---------- Material for the task ----------
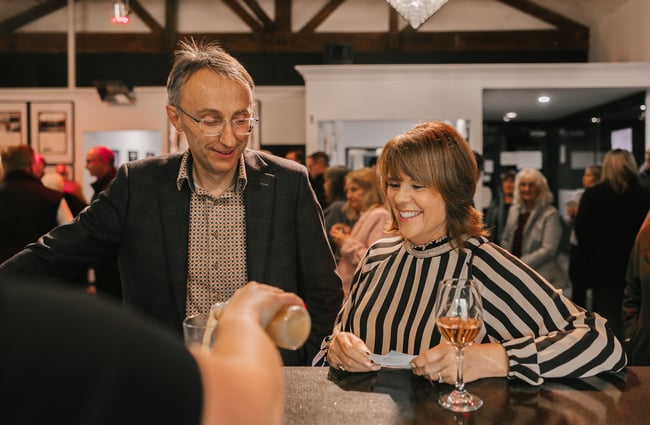 Man and a woman standing at the bar at Centrepoint Theatre.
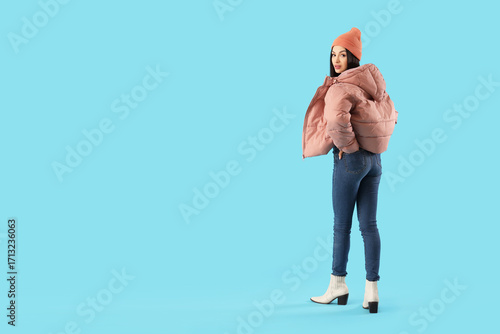 Young woman in stylish puff...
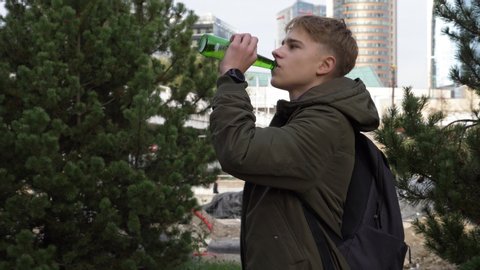 Teenager secretly drinking alcohol in the city center and watching if nobody is coming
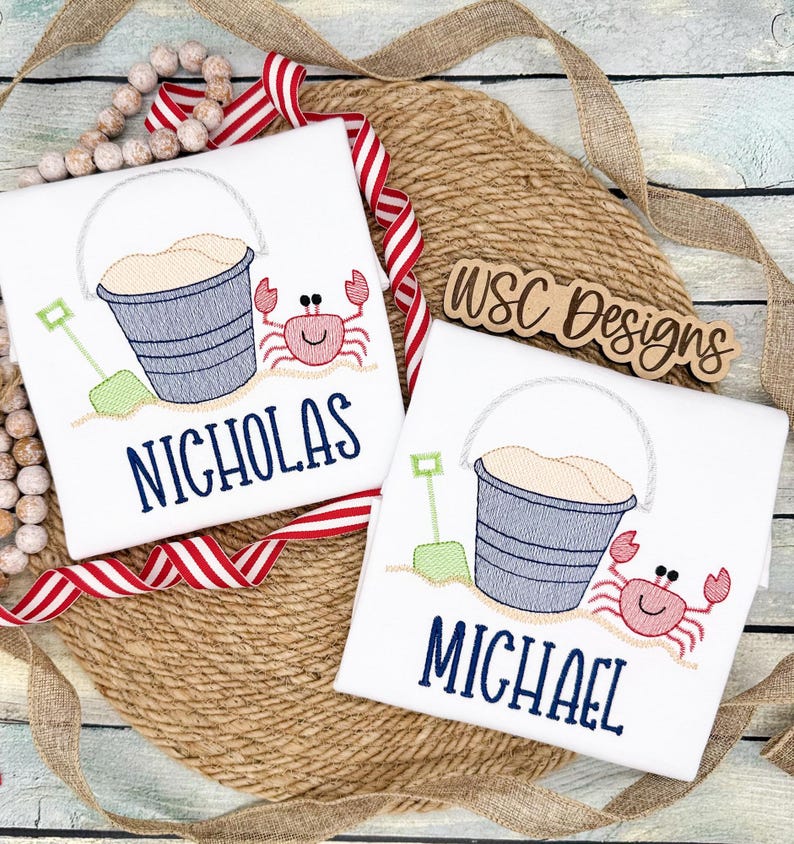 May include: Two white t-shirts with embroidered images of a bucket and shovel, a crab, and the names "Nicholas" and "Michael".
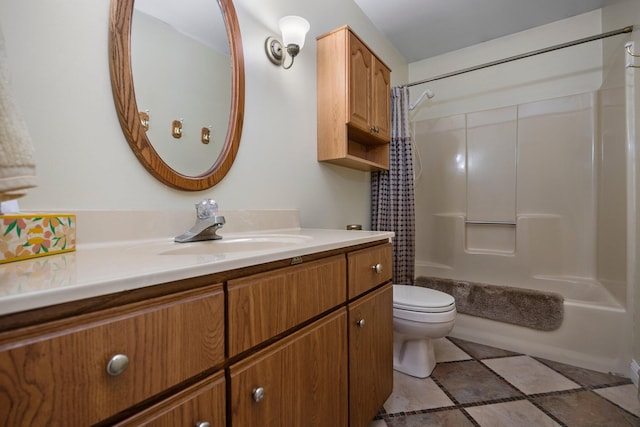 bathroom with toilet, vanity, and shower / bath combo
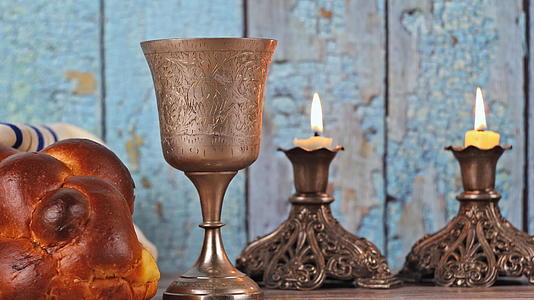 白天和晚上桌子上覆盖着圣杯面包蜡烛和酒杯视频的预览图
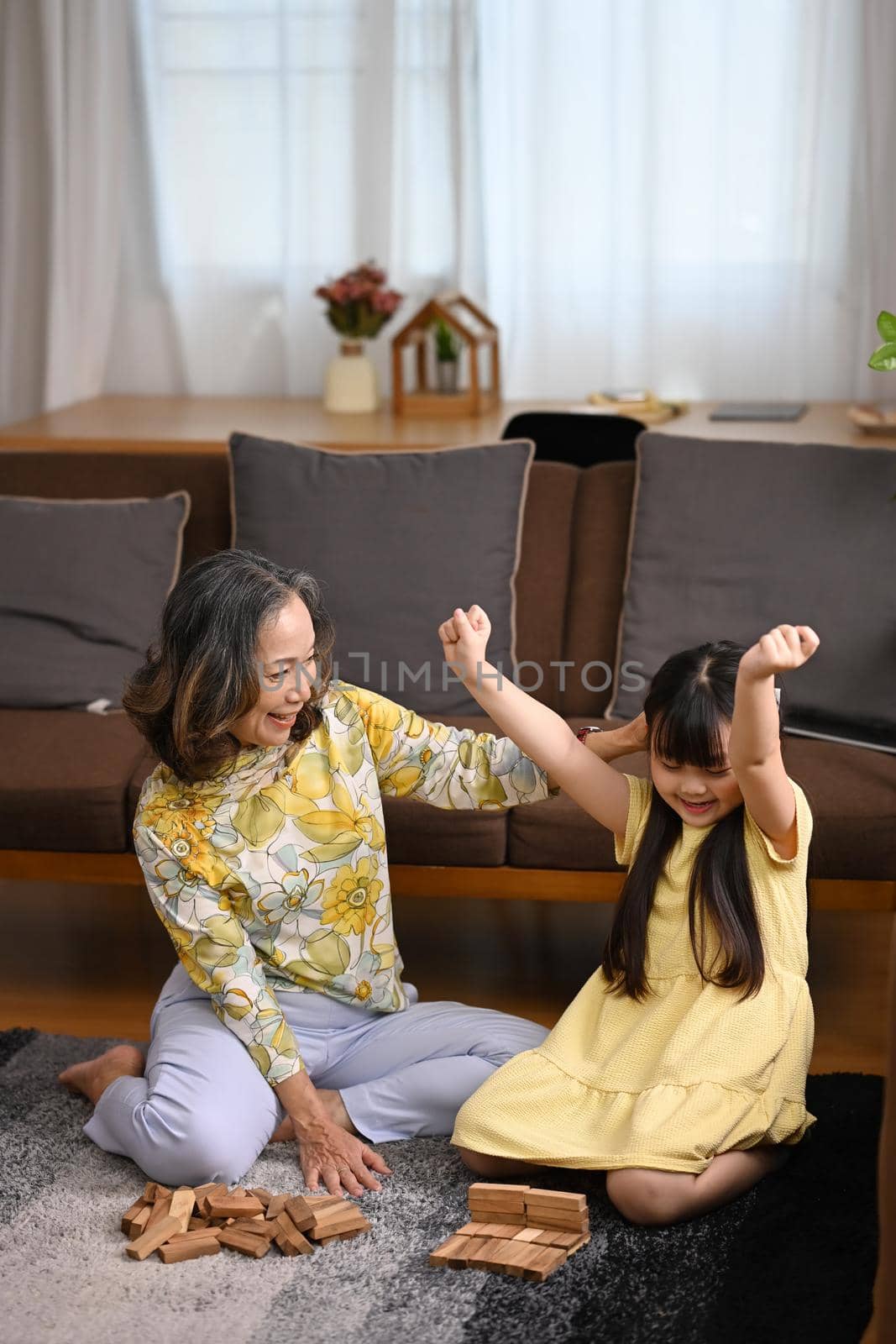 Happy mature grandmother having fun playing with cute little preschooler granddaughter in living room. Multi generational, family and love concept.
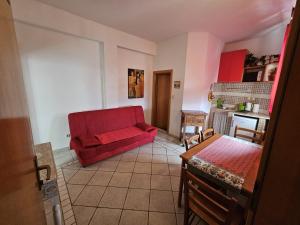 a living room with a red couch and a table at Apartmani Katja in Omiš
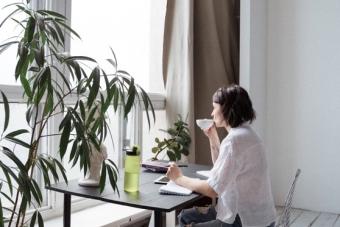 picture of person on laptop looking out window with teacup in hands 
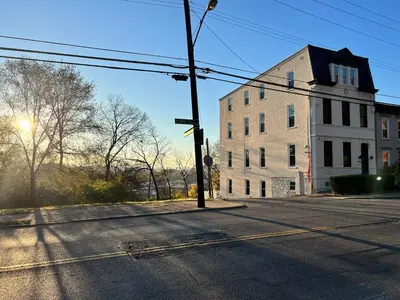 an intersection of an empty street with a white building at Skyline Retreat Spacious Elegance Queen Suite 1 City Views in Cincinnati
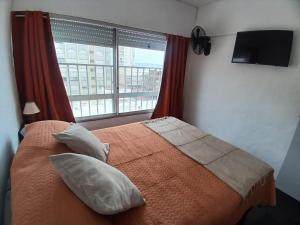 Ένα ή περισσότερα κρεβάτια σε δωμάτιο στο Edificio MICHELANGELO PENINSULA PUNTA DEL ESTE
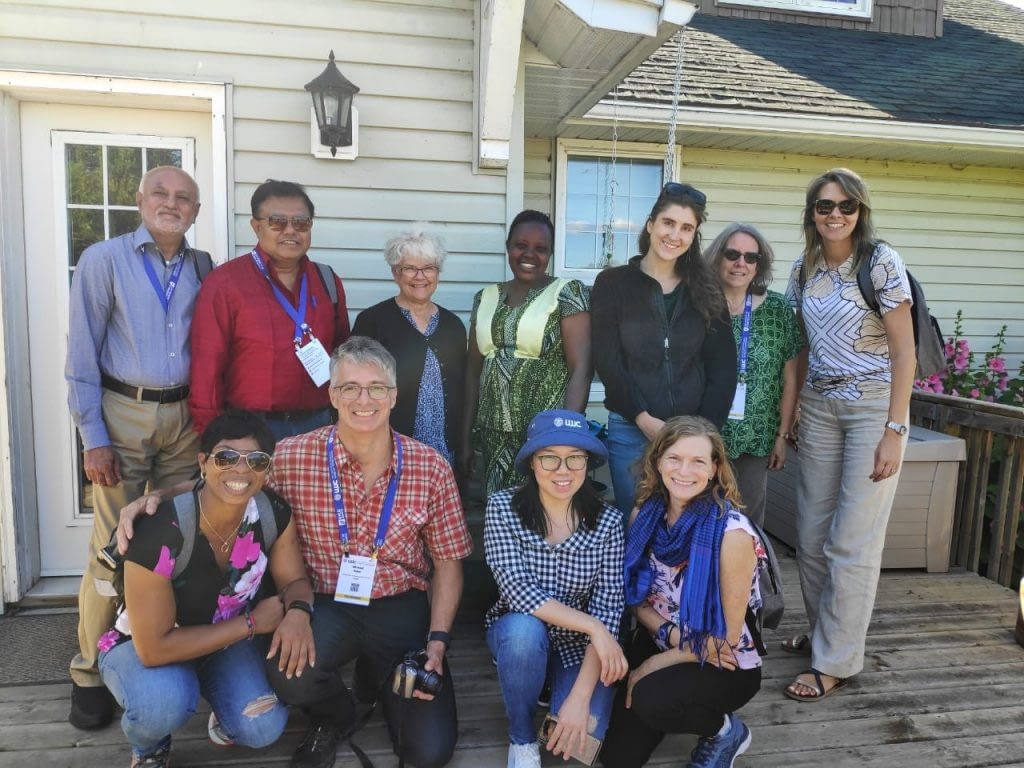 WHEAT-sponsored journalists stand for a group photo with farmer Merle Rugg (top row, third from left), in Elstow, Saskatchewan. (Photo: Amit Bhattacharya)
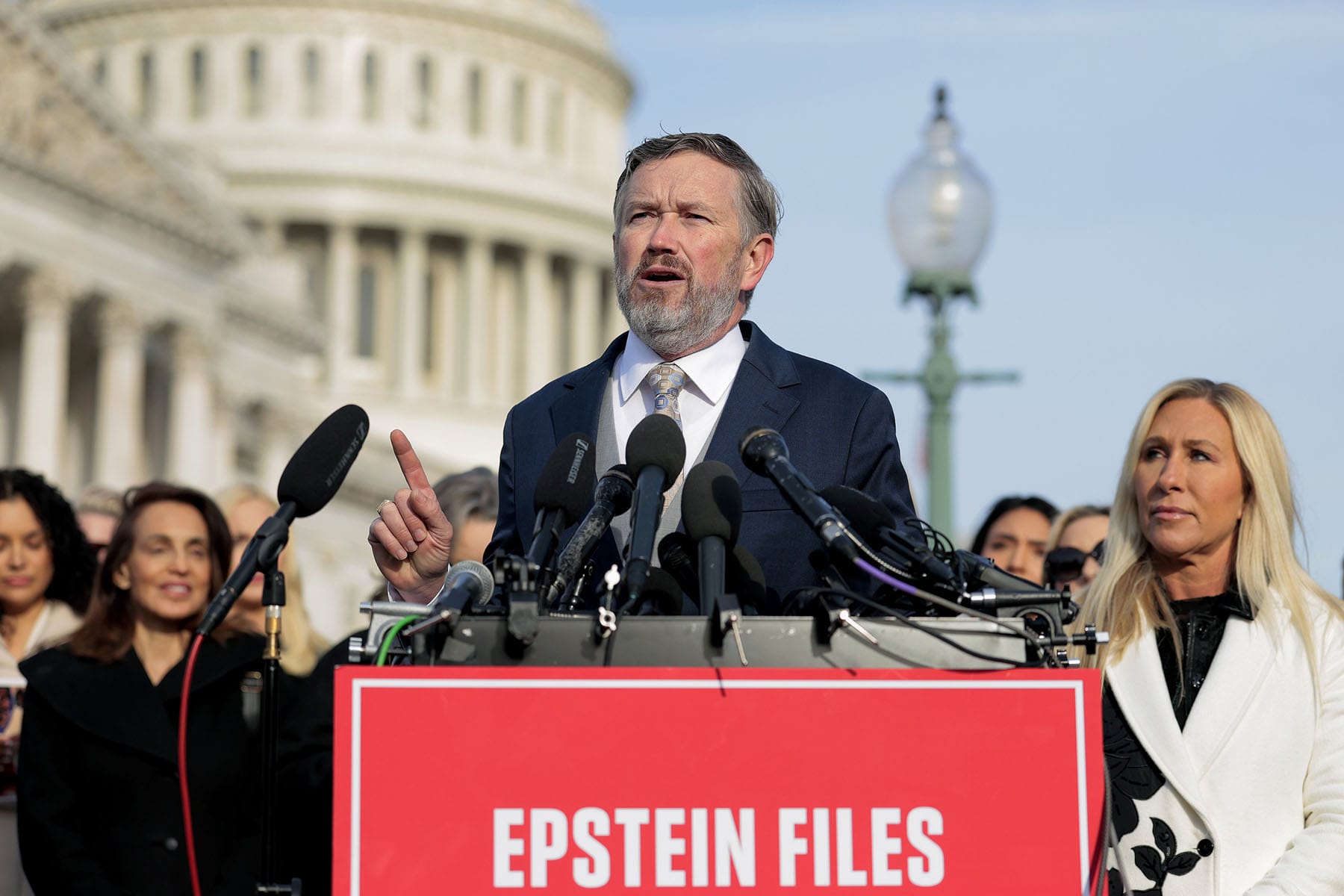 Rep. Thomas Massie, R-Ky., speaks as Rep. Marjorie Taylor Greene, R-Ga., looks on during a news conference with lawmakers on the Epstein Files Transparency Act outside the U.S. Capitol on November 18, 2025.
----------
- _Problem_
With pictures omitted, restate exactly every line from the one containing "Ένα ή περισσότερα" through the last line of the material, inclusive.

- _Answer section_
 Ένα ή περισσότερα κρεβάτια σε δωμάτιο στο Edificio MICHELANGELO PENINSULA PUNTA DEL ESTE
 WHEAT-sponsored journalists stand for a group photo with farmer Merle Rugg (top row, third from left), in Elstow, Saskatchewan. (Photo: Amit Bhattacharya)
 Rep. Thomas Massie, R-Ky., speaks as Rep. Marjorie Taylor Greene, R-Ga., looks on during a news conference with lawmakers on the Epstein Files Transparency Act outside the U.S. Capitol on November 18, 2025.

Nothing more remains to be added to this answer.